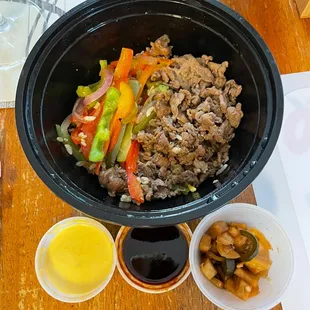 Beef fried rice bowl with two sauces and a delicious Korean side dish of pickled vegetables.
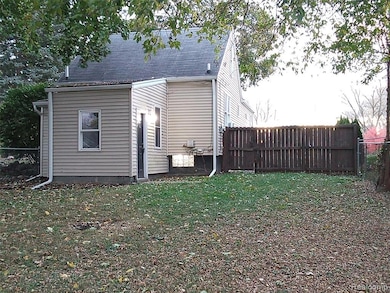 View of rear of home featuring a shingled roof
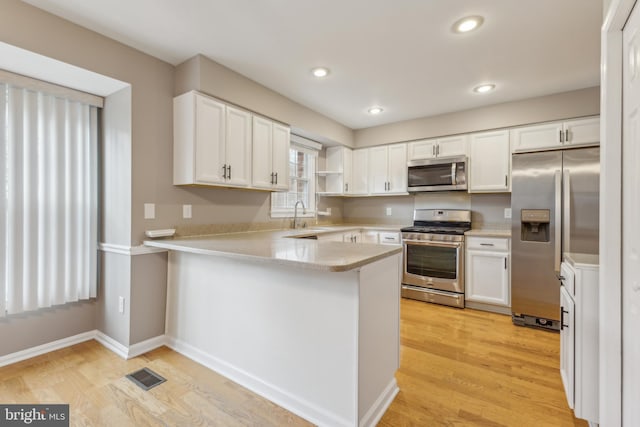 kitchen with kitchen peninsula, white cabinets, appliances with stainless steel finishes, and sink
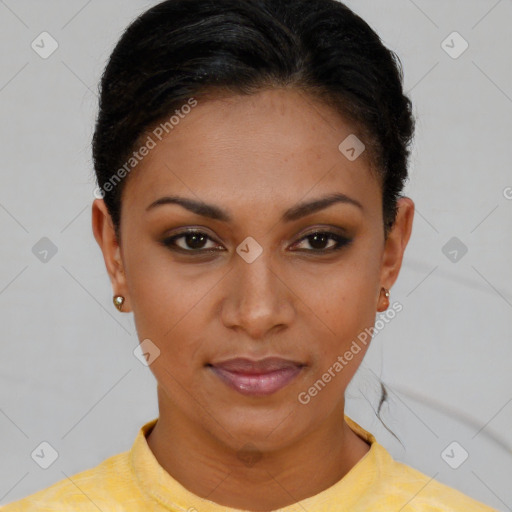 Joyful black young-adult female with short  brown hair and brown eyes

▶ [EXERCISE DETAILS]: An exact reproduction of the material above is needed, without its pictures.

▶ [EXPECTED OUTPUT]:
 Beef fried rice bowl with two sauces and a delicious Korean side dish of pickled vegetables.
 View of rear of home featuring a shingled roof
 kitchen with kitchen peninsula, white cabinets, appliances with stainless steel finishes, and sink
 Joyful black young-adult female with short  brown hair and brown eyes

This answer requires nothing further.